= Work instruction =
Starting at the first line of the data below, write out each line exactly until you reach the line containing "Anti-RPP21 antibody produced", and include that line too.

>>>

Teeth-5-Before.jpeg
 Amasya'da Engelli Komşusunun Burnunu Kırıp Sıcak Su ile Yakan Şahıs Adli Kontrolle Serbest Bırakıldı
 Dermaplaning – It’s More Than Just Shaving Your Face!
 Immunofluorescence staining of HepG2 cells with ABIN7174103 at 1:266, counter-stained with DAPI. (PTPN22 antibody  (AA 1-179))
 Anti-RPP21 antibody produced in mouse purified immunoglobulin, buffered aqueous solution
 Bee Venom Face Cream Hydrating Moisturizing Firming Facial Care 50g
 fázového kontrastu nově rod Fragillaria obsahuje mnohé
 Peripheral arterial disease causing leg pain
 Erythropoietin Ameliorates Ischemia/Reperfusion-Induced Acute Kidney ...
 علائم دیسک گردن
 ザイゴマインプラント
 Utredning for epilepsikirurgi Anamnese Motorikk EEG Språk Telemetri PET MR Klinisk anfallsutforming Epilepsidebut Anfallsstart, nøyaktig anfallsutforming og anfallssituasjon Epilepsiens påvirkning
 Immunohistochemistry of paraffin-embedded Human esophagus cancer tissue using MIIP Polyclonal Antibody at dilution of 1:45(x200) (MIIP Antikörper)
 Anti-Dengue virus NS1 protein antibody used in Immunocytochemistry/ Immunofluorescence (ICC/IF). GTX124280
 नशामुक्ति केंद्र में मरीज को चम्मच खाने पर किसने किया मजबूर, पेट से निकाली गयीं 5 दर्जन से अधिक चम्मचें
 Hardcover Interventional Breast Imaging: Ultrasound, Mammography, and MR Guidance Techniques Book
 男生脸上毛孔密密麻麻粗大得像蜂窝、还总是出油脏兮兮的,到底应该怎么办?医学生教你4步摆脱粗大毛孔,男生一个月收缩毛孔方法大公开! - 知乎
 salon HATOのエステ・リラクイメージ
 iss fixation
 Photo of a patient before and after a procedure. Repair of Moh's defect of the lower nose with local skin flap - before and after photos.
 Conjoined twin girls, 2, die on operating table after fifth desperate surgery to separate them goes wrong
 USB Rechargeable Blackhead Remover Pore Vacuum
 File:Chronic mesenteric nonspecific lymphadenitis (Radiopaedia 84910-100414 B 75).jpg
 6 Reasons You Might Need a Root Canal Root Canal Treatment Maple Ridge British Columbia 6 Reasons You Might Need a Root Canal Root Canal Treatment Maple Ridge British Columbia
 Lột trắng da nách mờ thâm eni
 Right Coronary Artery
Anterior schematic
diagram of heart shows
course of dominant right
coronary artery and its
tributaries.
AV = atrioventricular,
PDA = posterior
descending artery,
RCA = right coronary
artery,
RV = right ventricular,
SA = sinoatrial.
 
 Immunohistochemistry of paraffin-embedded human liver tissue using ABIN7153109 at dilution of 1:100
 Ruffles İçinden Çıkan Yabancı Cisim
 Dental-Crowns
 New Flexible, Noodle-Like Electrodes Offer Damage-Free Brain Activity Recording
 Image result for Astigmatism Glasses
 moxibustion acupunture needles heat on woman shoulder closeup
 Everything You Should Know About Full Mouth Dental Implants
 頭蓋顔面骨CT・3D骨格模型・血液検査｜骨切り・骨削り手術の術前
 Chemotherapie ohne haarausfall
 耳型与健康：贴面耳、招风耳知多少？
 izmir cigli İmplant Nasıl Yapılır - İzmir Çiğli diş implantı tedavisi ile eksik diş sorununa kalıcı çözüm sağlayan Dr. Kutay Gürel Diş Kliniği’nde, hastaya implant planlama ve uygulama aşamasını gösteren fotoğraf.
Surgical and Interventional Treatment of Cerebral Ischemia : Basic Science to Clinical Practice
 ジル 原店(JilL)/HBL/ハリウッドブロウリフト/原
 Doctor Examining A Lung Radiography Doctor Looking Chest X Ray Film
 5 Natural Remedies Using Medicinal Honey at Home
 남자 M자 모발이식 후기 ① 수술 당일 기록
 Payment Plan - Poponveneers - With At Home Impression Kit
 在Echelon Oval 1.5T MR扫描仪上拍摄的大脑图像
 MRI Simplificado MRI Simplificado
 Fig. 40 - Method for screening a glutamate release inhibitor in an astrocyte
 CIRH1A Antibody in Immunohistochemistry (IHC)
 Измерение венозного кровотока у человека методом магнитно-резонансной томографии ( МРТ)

<<<

= Solution to this task =
Teeth-5-Before.jpeg
 Amasya'da Engelli Komşusunun Burnunu Kırıp Sıcak Su ile Yakan Şahıs Adli Kontrolle Serbest Bırakıldı
 Dermaplaning – It’s More Than Just Shaving Your Face!
 Immunofluorescence staining of HepG2 cells with ABIN7174103 at 1:266, counter-stained with DAPI. (PTPN22 antibody  (AA 1-179))
 Anti-RPP21 antibody produced in mouse purified immunoglobulin, buffered aqueous solution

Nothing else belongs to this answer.